イラストに関する翻案権侵害の例(出る順事件)

 江差追分事件は言語の著作物に関する事例ですが、ここで示された翻案権侵害の要件は、他の著作物の翻案権侵害でも適用されています。イラストに関して翻案権侵害が認められた裁判例の1つに、「出る順事件」(東京地裁平成16年6月25日判決)があります。この判断手法を見てみましょう。

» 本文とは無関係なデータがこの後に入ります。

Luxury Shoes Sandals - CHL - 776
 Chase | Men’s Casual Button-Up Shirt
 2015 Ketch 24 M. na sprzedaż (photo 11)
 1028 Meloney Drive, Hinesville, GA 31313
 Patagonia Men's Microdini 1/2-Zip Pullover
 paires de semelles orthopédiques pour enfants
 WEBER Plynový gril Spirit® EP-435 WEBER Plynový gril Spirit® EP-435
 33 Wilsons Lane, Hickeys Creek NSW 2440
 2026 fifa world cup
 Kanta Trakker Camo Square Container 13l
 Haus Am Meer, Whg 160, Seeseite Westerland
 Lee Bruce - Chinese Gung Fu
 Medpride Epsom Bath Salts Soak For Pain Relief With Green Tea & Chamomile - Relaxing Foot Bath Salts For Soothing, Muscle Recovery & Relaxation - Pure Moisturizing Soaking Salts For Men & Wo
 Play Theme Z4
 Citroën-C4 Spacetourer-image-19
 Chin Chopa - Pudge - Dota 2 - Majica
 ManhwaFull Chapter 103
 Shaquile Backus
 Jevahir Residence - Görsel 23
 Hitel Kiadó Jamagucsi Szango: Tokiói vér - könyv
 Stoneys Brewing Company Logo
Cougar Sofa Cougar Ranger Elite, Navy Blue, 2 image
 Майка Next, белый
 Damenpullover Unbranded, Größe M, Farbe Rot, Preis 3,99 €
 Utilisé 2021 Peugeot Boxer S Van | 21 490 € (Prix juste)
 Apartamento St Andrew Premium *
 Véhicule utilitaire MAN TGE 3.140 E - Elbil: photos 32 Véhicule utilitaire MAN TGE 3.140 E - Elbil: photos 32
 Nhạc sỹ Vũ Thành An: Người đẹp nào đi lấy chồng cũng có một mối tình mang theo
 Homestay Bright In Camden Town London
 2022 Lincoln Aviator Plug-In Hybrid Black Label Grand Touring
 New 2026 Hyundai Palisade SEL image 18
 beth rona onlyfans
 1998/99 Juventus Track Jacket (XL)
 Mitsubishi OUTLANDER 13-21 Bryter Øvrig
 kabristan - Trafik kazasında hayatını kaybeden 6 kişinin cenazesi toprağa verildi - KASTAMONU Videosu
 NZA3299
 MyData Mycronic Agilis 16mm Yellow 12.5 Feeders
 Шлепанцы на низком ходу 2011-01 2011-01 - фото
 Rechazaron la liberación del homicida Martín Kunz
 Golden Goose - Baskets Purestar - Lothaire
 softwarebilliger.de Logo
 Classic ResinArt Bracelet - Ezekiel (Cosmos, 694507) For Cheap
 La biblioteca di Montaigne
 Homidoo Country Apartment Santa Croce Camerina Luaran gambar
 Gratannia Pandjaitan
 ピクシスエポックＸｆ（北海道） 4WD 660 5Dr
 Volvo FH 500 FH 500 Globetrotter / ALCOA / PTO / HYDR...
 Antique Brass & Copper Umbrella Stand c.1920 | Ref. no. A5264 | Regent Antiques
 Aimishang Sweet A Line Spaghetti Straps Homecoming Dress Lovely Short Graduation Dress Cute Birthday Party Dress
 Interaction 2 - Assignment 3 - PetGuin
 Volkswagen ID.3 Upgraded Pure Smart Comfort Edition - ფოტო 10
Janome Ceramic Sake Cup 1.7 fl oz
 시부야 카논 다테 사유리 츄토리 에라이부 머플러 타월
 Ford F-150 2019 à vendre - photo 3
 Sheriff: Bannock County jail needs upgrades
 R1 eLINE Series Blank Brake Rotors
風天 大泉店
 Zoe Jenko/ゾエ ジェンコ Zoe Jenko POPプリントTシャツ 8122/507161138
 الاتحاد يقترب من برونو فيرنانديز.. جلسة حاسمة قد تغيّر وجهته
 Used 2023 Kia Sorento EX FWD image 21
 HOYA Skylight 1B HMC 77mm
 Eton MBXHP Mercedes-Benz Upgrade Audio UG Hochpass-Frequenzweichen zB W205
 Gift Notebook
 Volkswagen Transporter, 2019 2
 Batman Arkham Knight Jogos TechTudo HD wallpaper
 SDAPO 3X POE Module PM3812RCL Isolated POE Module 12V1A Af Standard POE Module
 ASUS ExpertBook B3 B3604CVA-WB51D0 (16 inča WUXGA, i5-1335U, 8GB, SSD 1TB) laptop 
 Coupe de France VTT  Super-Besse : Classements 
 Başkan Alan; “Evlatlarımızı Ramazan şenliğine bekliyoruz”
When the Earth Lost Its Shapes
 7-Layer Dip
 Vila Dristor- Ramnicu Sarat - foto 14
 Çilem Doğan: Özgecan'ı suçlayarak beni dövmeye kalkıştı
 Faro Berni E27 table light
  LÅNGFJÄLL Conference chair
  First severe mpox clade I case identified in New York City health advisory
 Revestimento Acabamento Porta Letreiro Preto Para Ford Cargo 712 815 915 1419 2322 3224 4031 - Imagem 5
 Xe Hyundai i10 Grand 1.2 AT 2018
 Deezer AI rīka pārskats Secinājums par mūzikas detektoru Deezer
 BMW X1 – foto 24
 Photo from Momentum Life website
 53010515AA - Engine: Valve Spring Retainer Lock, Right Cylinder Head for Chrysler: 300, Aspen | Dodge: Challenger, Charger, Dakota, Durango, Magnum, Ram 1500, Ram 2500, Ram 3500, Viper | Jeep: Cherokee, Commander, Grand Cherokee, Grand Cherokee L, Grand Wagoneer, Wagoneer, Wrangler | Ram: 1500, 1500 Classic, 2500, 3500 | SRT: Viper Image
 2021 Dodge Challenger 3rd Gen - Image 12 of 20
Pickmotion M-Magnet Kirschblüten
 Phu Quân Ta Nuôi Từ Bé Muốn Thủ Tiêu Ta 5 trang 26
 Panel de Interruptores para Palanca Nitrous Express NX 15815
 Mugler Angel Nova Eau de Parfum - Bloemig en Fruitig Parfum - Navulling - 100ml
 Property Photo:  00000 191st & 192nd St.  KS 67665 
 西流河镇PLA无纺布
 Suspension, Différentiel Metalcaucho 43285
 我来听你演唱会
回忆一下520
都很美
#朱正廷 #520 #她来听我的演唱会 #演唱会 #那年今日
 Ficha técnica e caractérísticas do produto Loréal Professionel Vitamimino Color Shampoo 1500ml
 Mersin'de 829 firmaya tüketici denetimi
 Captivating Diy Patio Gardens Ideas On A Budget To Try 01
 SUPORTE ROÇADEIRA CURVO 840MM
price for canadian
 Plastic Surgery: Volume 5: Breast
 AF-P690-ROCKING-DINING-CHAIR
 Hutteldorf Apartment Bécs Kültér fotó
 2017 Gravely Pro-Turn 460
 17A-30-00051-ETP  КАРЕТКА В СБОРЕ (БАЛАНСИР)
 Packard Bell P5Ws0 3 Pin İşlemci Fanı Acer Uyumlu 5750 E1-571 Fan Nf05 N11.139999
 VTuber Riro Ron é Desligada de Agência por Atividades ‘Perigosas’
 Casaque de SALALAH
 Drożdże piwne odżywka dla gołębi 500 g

東京地裁平成16年6月25日判決 別紙 原告イラスト目録、被告イラスト目録

出典:東京地裁平成16年6月25日判決 別紙 原告イラスト目録、被告イラスト目録より

類似しているということはできないとした点

 裁判所はまず、両イラストの共通点のうち、「立体の人形を左斜め上にライティングを施して撮影する表現方法、人形を、頭や手足を球状ないしひしゃげた球状にしてデフォルメする表現方法、人形に物を持たせる表現方法等」については、「美術の著作物としてありふれた表現方法」であるとして、このような点が共通していることのみを根拠に両イラストが類似しているということはできない、と判断しました。

創作的な特徴部分を感得するとした点

 次に、「人形を肌色一色で表現した上、人形の体型をA型にして手足を大きくすることで全体的なバランスを保ち、手のひらの上に載せた物が見る人の目をひくように強調するため、左手の手のひらを肩の高さまで持ち上げた上、手のひらの上に載せられた物を人形の半身程度の大きさに表現するという表現方法」については、原告イラストの創作的な特徴部分であって、被告イラストはこのような原告イラストの創作的な特徴部分を感得することができるものである、と判断しました。

翻案物に該当すると結論付けた

 さらに、被告イラストが、形の材質、上半身の傾き方、右腕の格好、脚の開き方、左手の上の家の数等の具体的表現において独自の表現を加えている点は認定しつつ、それを考慮してもなお、被告イラストは原告イラストの翻案物に該当すると結論付けたのです。

 画像を見ると類似性は一見して明らかだと思うかもしれませんが、裁判所による類似性判断は、このように分析的できめ細かいものなのです。